- _Task instructions_
Give again, word for word, every line below from the one that has "Removed and replaced" through the one that has "Documented equ", both included, and no others.

*** Provided records ***

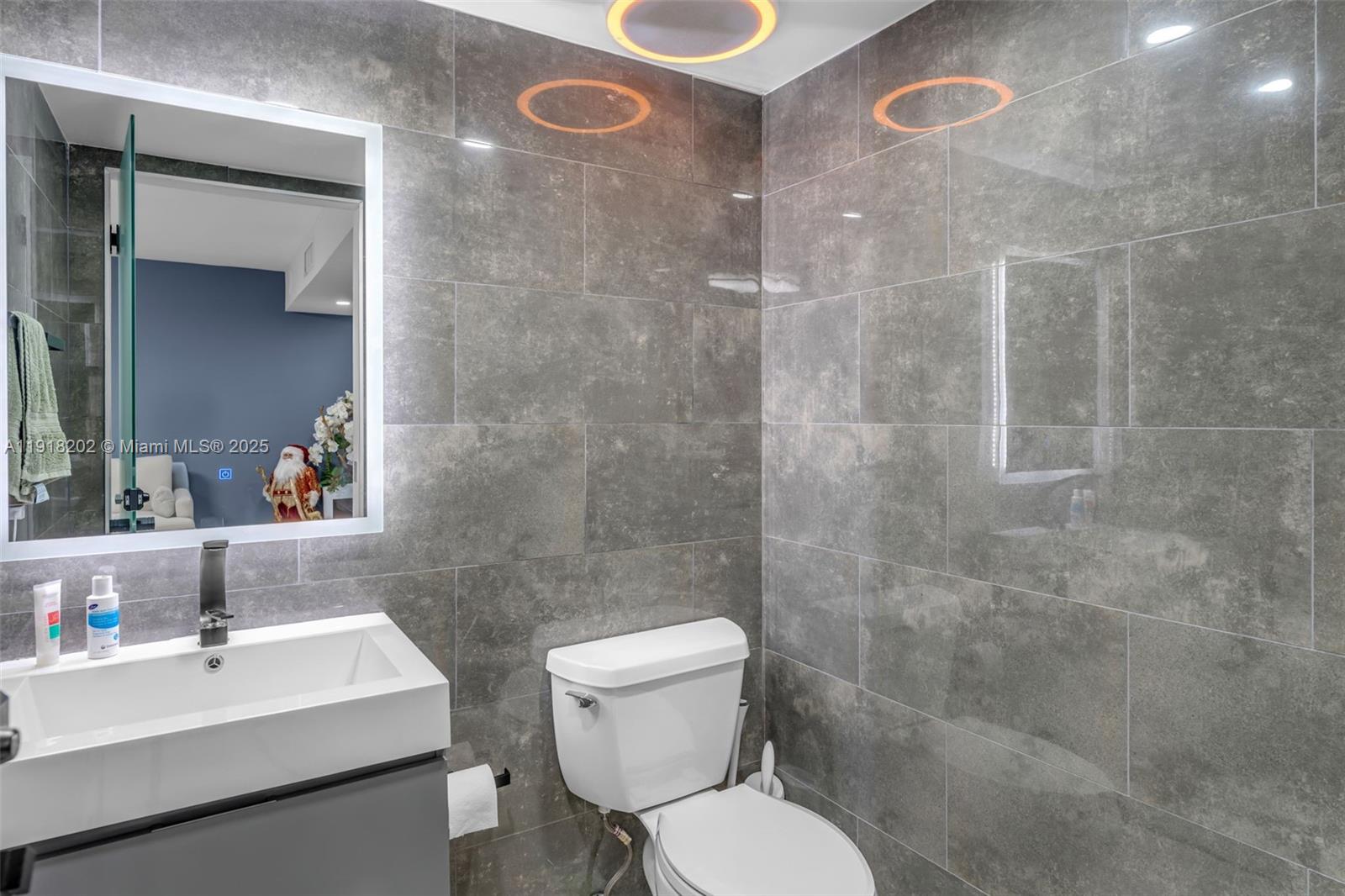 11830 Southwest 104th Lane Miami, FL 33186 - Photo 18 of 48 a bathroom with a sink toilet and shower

*** End of Provided records ***
*** Provided records ***

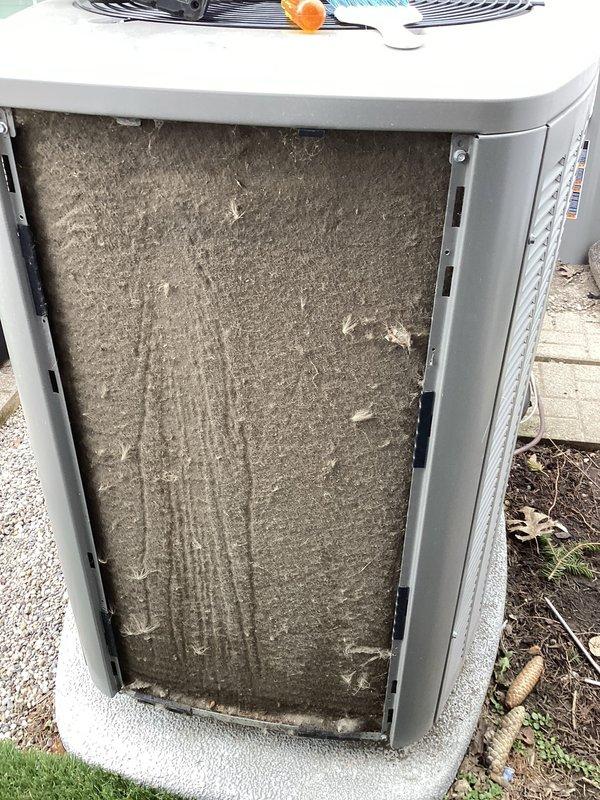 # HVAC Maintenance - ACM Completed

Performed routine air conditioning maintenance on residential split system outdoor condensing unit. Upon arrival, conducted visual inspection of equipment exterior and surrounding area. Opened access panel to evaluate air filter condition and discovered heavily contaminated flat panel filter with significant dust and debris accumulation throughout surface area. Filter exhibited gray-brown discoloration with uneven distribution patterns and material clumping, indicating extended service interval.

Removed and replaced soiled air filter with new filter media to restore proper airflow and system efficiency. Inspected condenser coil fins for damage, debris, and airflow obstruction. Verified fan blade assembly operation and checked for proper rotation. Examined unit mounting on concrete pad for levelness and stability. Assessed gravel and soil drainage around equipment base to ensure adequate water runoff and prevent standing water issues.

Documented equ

*** End of Provided records ***
*** Provided records ***

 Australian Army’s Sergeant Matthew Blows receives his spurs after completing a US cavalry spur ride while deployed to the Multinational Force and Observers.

*** End of Provided records ***

- _Task output_
Removed and replaced soiled air filter with new filter media to restore proper airflow and system efficiency. Inspected condenser coil fins for damage, debris, and airflow obstruction. Verified fan blade assembly operation and checked for proper rotation. Examined unit mounting on concrete pad for levelness and stability. Assessed gravel and soil drainage around equipment base to ensure adequate water runoff and prevent standing water issues.

Documented equ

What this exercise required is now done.